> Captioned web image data
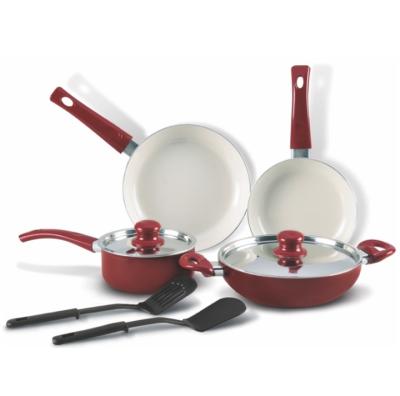 China Home Kitchen Aluminum Cookware Set With Marble Ceramic Coating And Soft Touch Wood Handle for sale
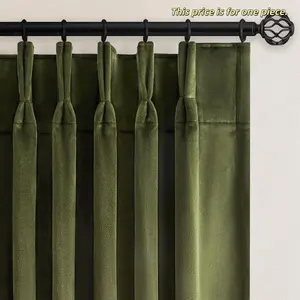 1pc Olive Velvet Blackout Curtains, Forest Vintage Pinch Pleated Drapes, Thermal Soundproof, Home Decoration Curtain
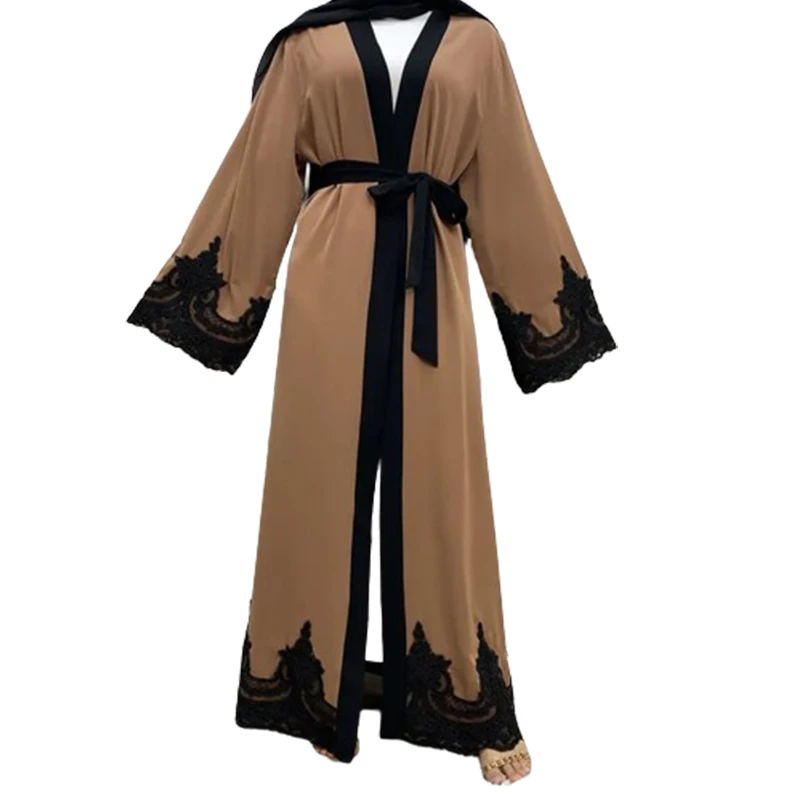Factory new modest Kimono abaya in dubai  beautiful islamic abaya burqa kimono open Puff Sleeve Embroidered Abaya  dresses-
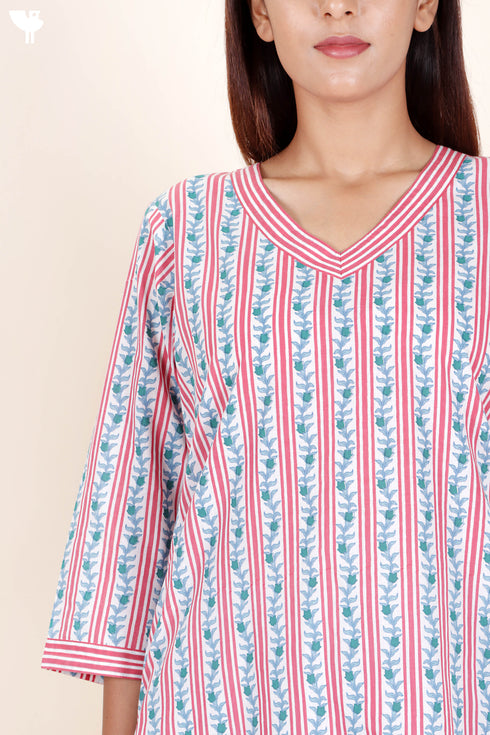 Cotton Kurta And Pant Set In Floral Print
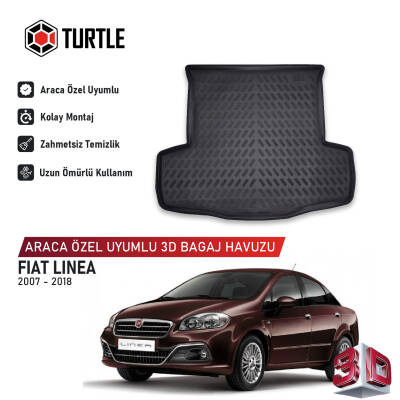 Turtle Fiat Linea 2007-2018 Uyumlu 3D Havuzlu Bagaj Havuzu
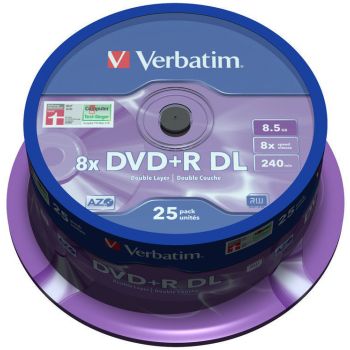 DVD+R DL VERBATIM 8.5 GB 8x Spindle 25  szt.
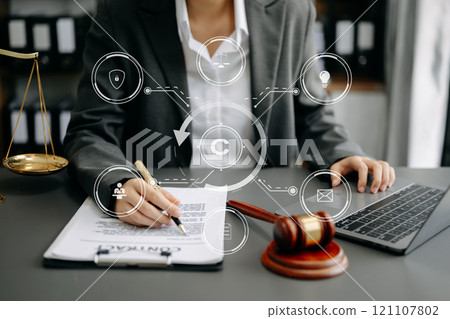 Copyright or patent concept, Person hand using laptop computer, tablet and smartphone with virtual screen copyright icon trademark, Creation ownership against piracy 121107802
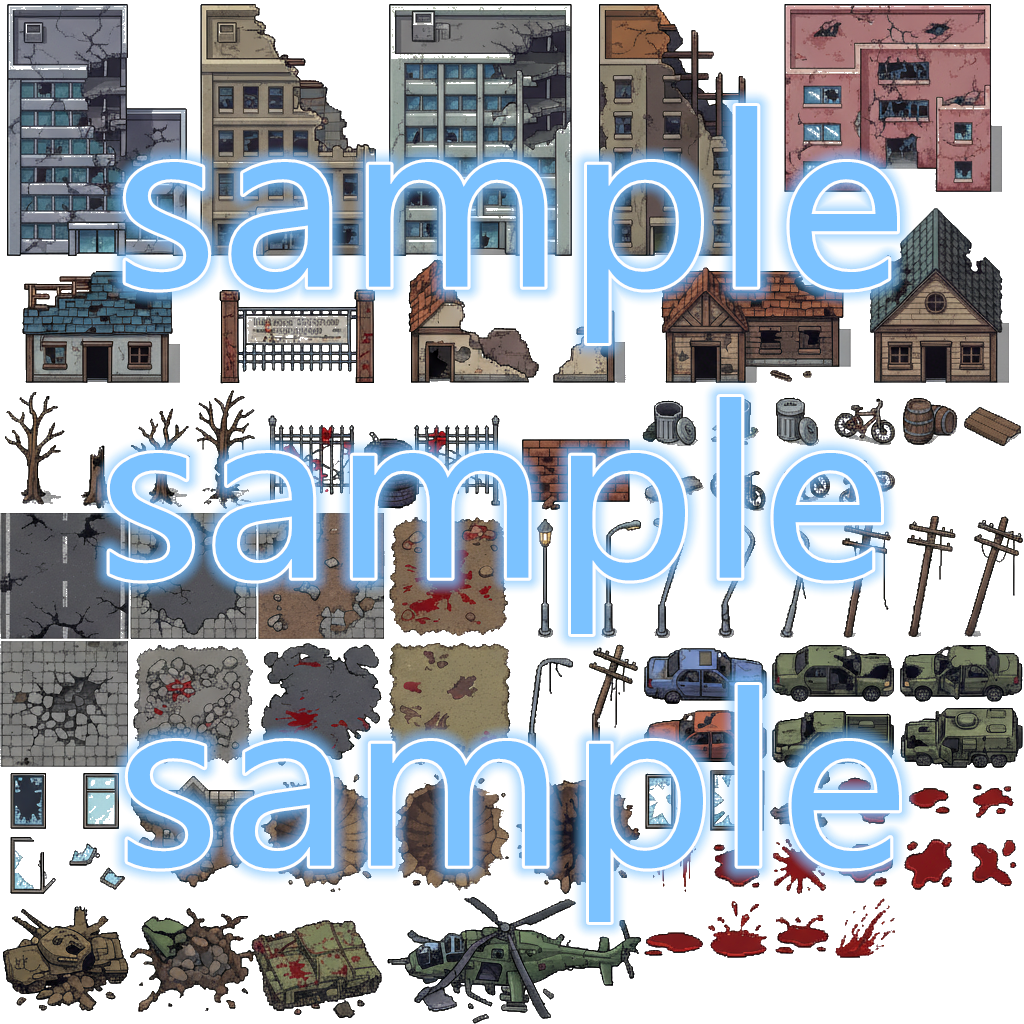 Post-Apocalyptic War Ruins Tileset - Pixel Art Game Assets by Cute SCKR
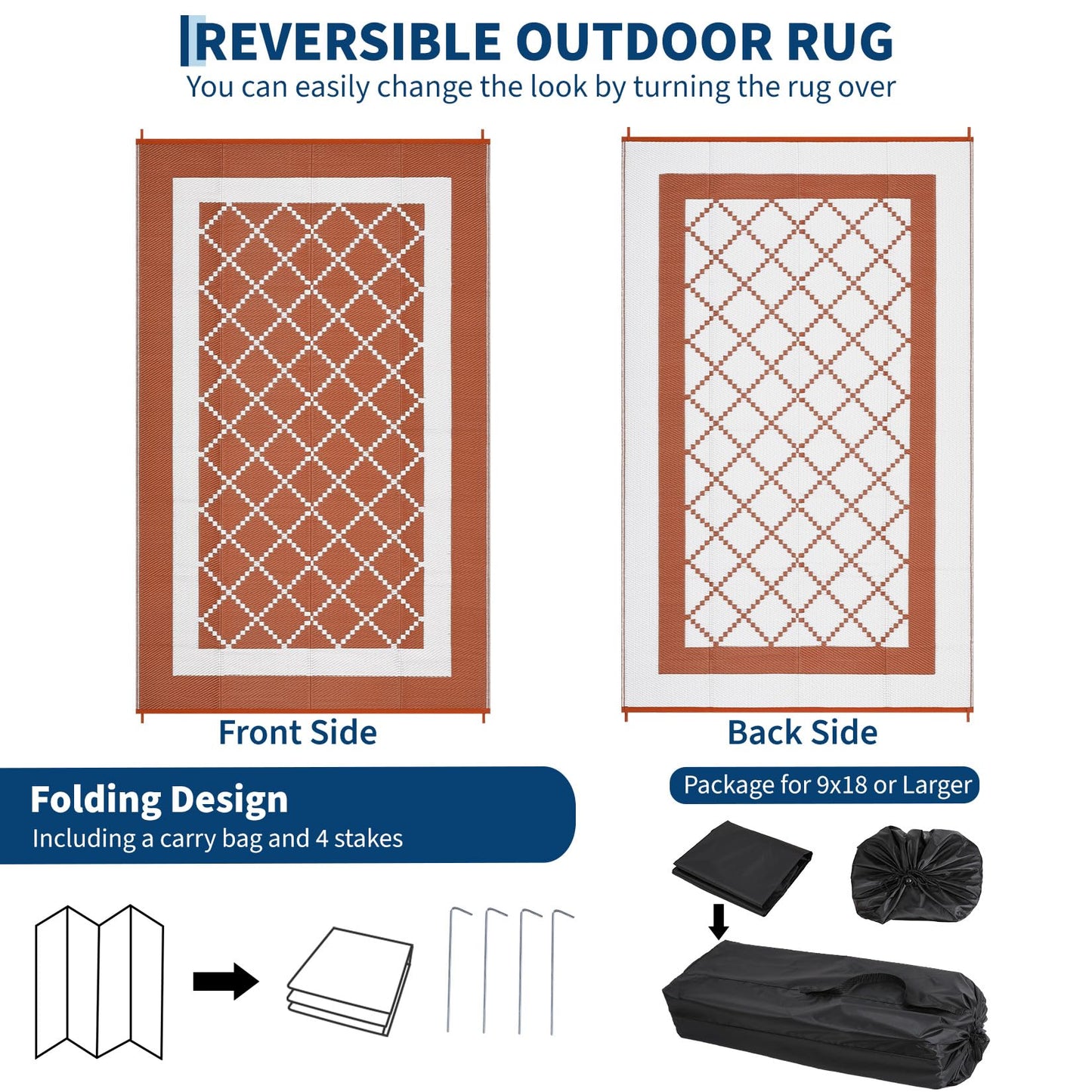 MilleLoom Patio Modern Geometric Outdoor Rug 10x14 Waterproof Large Reversible Camping Mat Foldable Lightweight Plastic Straw Outdoor Rug for Deck, Picnic, Porch, Camper, Balcony, Beach, Rv，Orange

> Prompt
Return exactly the lines above, from the one with "Factory new modest" up to and including the one with "Post-Apocalyptic War Ruins", and include no pictures.

> Problem solution
Factory new modest Kimono abaya in dubai  beautiful islamic abaya burqa kimono open Puff Sleeve Embroidered Abaya  dresses-
 Cotton Kurta And Pant Set In Floral Print
 Turtle Fiat Linea 2007-2018 Uyumlu 3D Havuzlu Bagaj Havuzu
 DVD+R DL VERBATIM 8.5 GB 8x Spindle 25  szt.
 Copyright or patent concept, Person hand using laptop computer, tablet and smartphone with virtual screen copyright icon trademark, Creation ownership against piracy 121107802
 Post-Apocalyptic War Ruins Tileset - Pixel Art Game Assets by Cute SCKR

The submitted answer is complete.